Nicht einbezogen in das neue Beschilderungskonzept ist die gastronomische Beschilderung. Da sei so mehrheitlich beschlossen worden, erklärte Bürgermeister Helmut Blank auf Anfrage.
Wenn die Stelen erstellt sind, werden alle anderen Wegweiser abgenommen, auch die der Gastronomie oder die Schilder, die auf die Schulen oder das Sportzentrum hinweise. Im Fall der Schulen arbeite man aber gerade an einer Lösung, so Helmut Blank, nachdem die Schulleiter hier um eine Wegweisung gebeten haben.

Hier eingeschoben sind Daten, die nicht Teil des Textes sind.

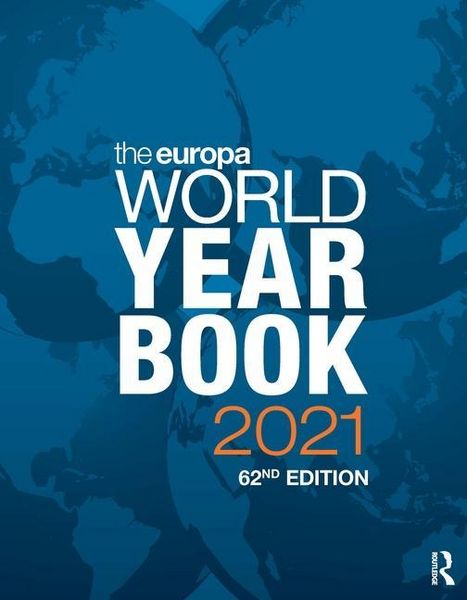 Produktbild: Europa World Year Bk 2021 62/e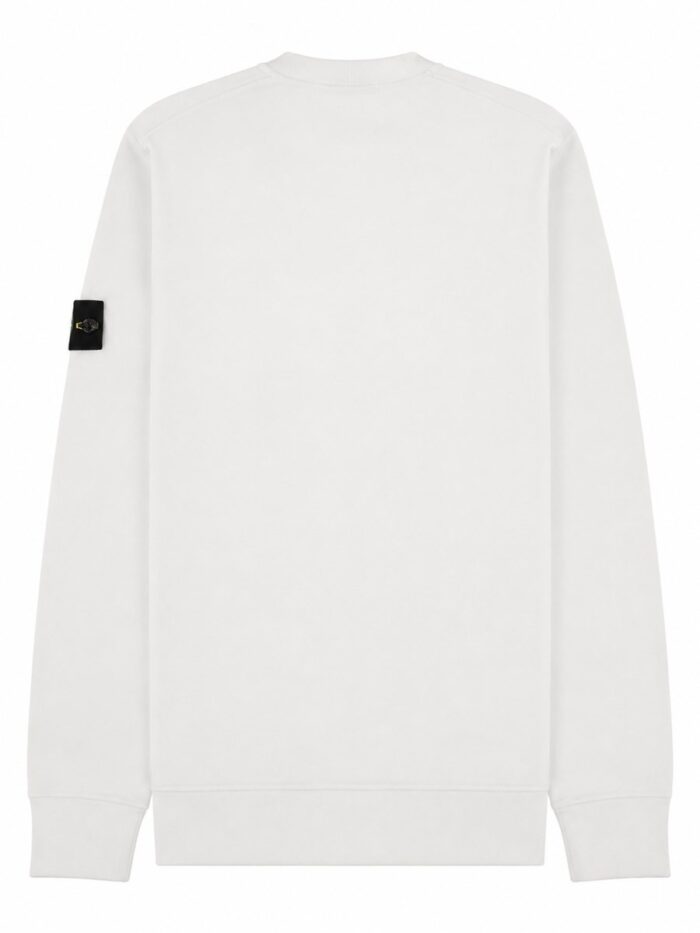 Stone Island FELPA CON PATCH LOGO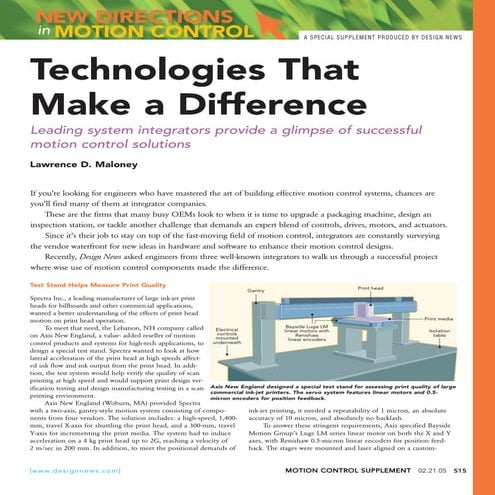 Technologies that make a difference | PDF | Computer Peripherals ...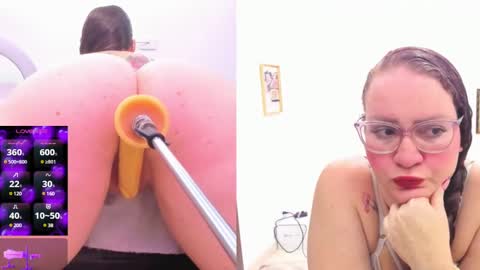 Paulina Davis  online show from February 2025 03:21:01 AM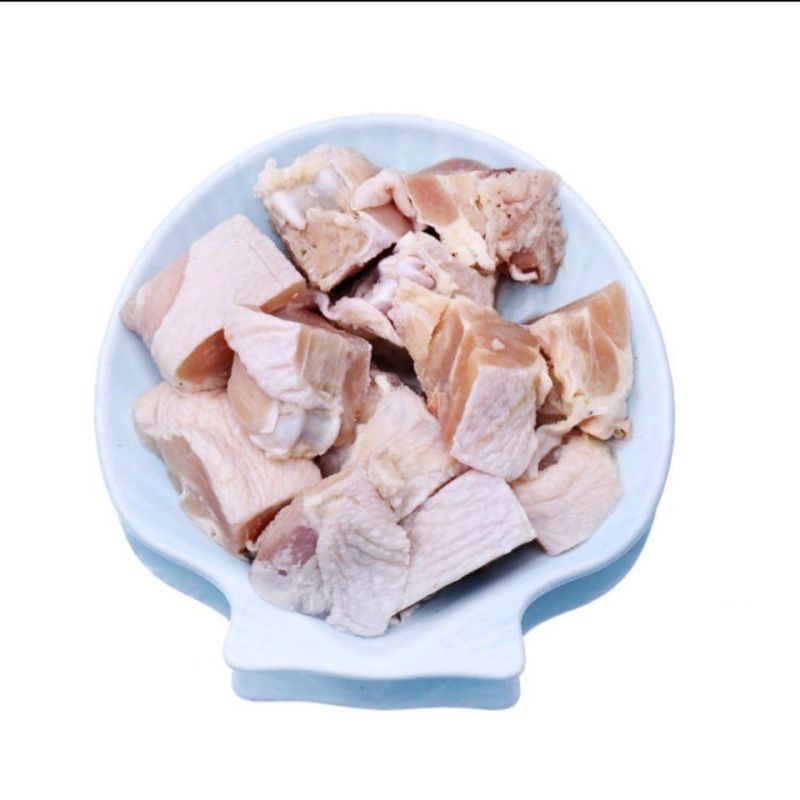 黄焖鸡块琵琶腿鸡块！肉质好美食做法简单粗暴烹饪难度较小！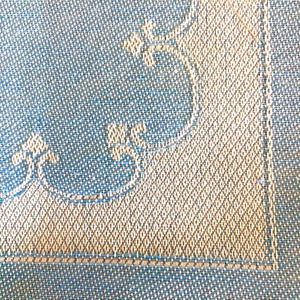 Napkin - Simple design - Pale blue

Helmut Blank spricht von einem variablen Konzept, das ergänzt werden könne. Auf den Stelen sei für weitere Hinweise noch ausreichend Platz. "Aber jetzt wird erst einmal der Anfang gemacht". Veranschlagt ist das Projekt mit rund 37 800 Euro. Zuschüsse gibt es in Höhe von 20 000 Euro.
Kein Bestandteil des neuen Informationssystems ist die Informationstafel am Parkplatz Oberes Tor. Nach Auskunft aus dem Rathaus müsse man sich über diese aber ebenfalls Gedanken machen. Die Karte in der Info-Tafel ist nicht nur vergilbt und unansehnlich, sondern auch hoffnungslos veraltet.

Provisorische Aufsteller

Zum Studiengenossenfest wird es an den in den vergangenen Jahren sanierten historischen Objekten sowie an für die Sanierung vorgesehenen Gebäuden provisorische Aufsteller mit Informationen zu den Häusern geben, teilte Architekt Andreas Halboth mit. Vorgestellt werden auf diese Art und Weise die Gebäude "Bären", "Schweiz", "Fränkischer Hof", "Kroppfeldhaus" und Heimatspielhaus. Diese Version hat man gewählt, weil die offizielle Beschilderung der historischen Gebäude zum Studiengenossenfest noch nicht fertig gestellt ist, die Teilnehmer des Festes aber erfahren sollen, was sich getan hat und was sich noch tun wird.